Just took an online test (which made me copy a quote from the Origin of
Species) and it gave me a 78 WPM number, so 110 is pretty amazing (and maybe a
hurdle to switching).

Test: <http://www.typeonline.co.uk/typingspeed.php>

------
swastik
I was in the exact same position a few months ago. I wasn't anywhere near 110
WPM though; I think I was 80 WPM for the most part.

I write a lot so all it took me was a conscious decision to use all my ten
fingers, even if it made me type a touch slower. I did this for a few weeks,
and now I am able to type with all my ten fingers. I still don't use them all
the way I'd like to... but I'm certainly better.

I haven't notice a very big change now that I'm using all the other fingers
more; I have certainly added a few words per minute but nothing substantial.

------
phaus
typingweb.com 10fastfingers.com

Basically, you just have to go through and do the simple letter exercises
without looking at the keys. At first you'll be painfully slow, but if you
stick with it and go through everything, you'll get your speed back. I went
from typing about 60 wpm using all of my fingers and staring at the keyboard
to doing 80-100 typing properly in just a few months of 20 minute a day
sessions.

I highly recommend making the effort. My personal level of productivity has
skyrocketed.

------
lumberjack
I've been touch typing for 8 years or so and I barely breach 70WPM. I'm
inherently clumsy though so that might be something to do with it.

In any case, 110WPM is very fast even for a proper typist. Personally at your
stage I wouldn't even bother. It only makes a major difference if you are
typing below 30WPM. At that stage you can definitely improve.

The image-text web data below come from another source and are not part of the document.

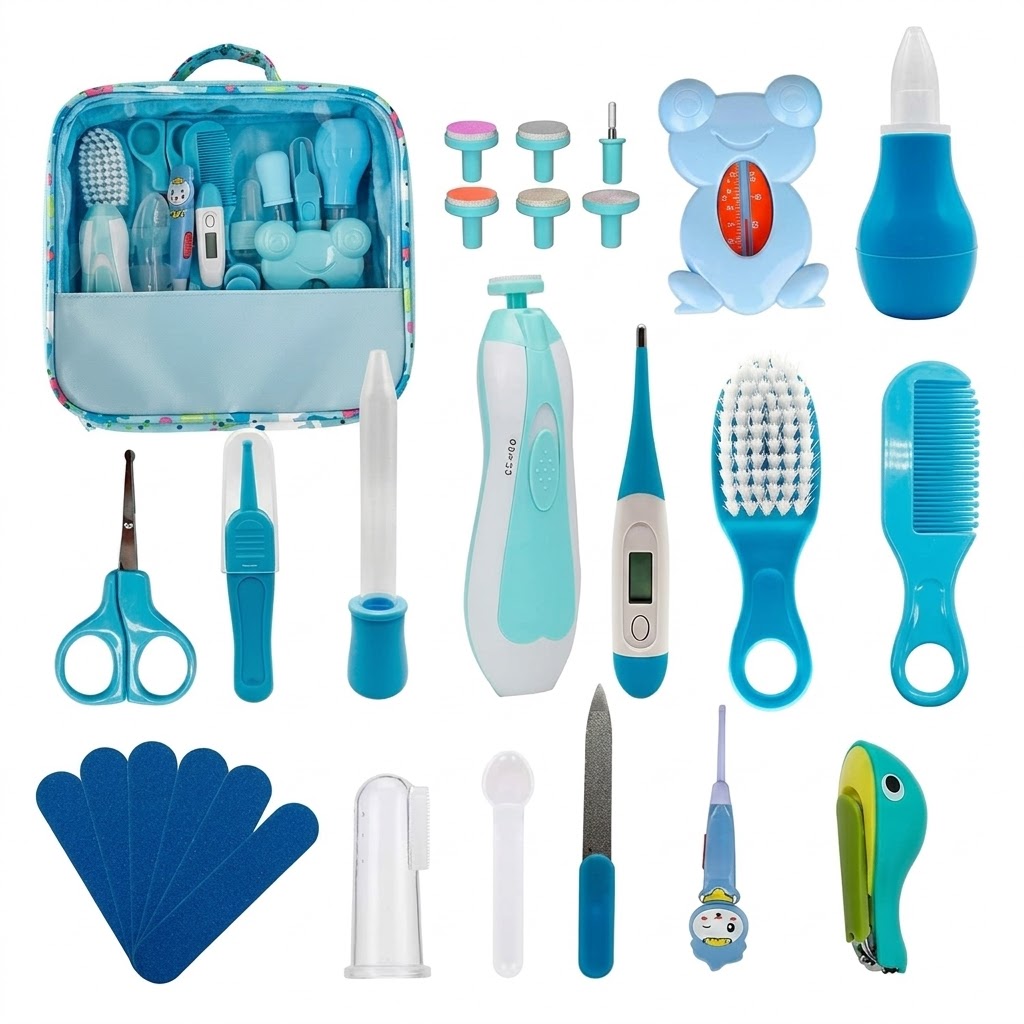 Kit Completo de Cuidado y Aseo para Bebé - Set de Higiene Multifuncional- Estuche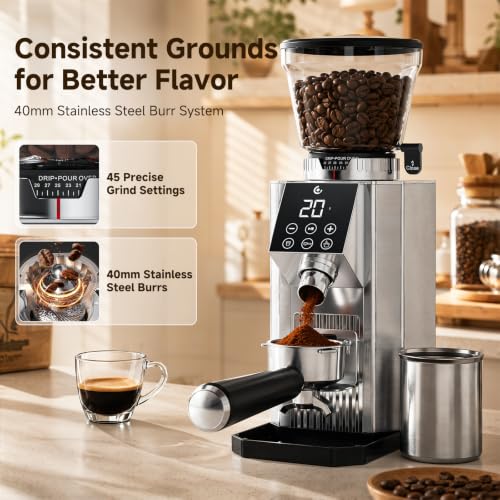 Electric Conical Burr Coffee Grinder (Silver)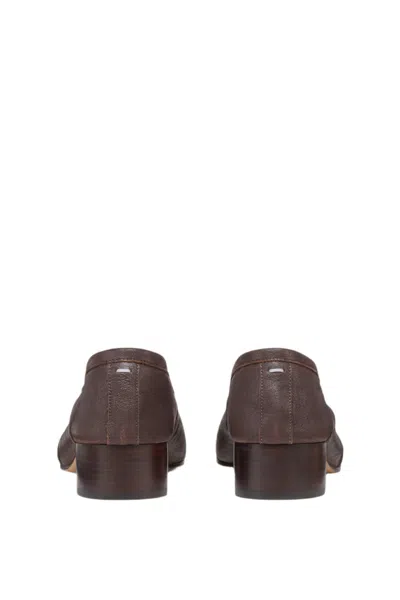 Maison Margiela Ballerina Shoes In Soft Textured Leather In Brown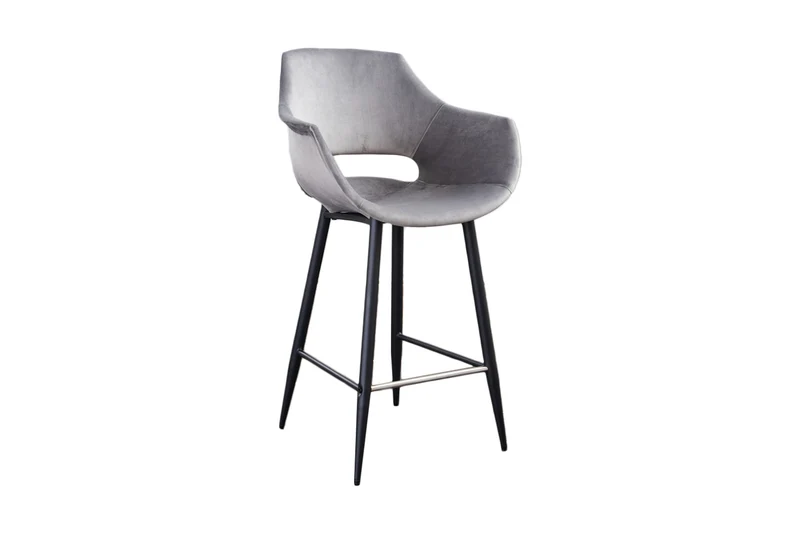 KAWOLA Barhocker ZAJA Barstuhl Sitzhöhe 76 cm Velvet grau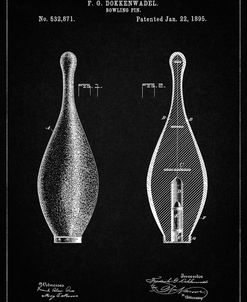 PP652-Vintage Black Vintage Bowling Pin Patent Poster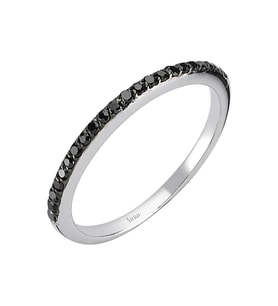 Sirius Siyah Pırlanta Taşlı İnce Yarım Tur Yüzük 0707R0196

Besides, typing speed is not something that is that imperative unless your job
is literally typing stuff up.

------
eshvk
I went through a bunch of typing tutorials in high school (Mavis Beacon etc).
Nothing worked and everything was painful till I encountered a game called
Typing of the Dead (<http://en.wikipedia.org/wiki/The_Typing_of_the_Dead> ).
Three weeks of killing zombies by typing huge words at them forced me to

1) Use proper keys. 2) Learn to type without looking.

Good luck.

------
codegeek
I used to be in your exact situation a really long time ago and I fixed it by
googling a typing online course. For example

<http://www.learntyping.org>

<http://www.typingstudy.com>

It literally took me 2-3 days to start using all fingers properly if you
follow the interactive tutorials.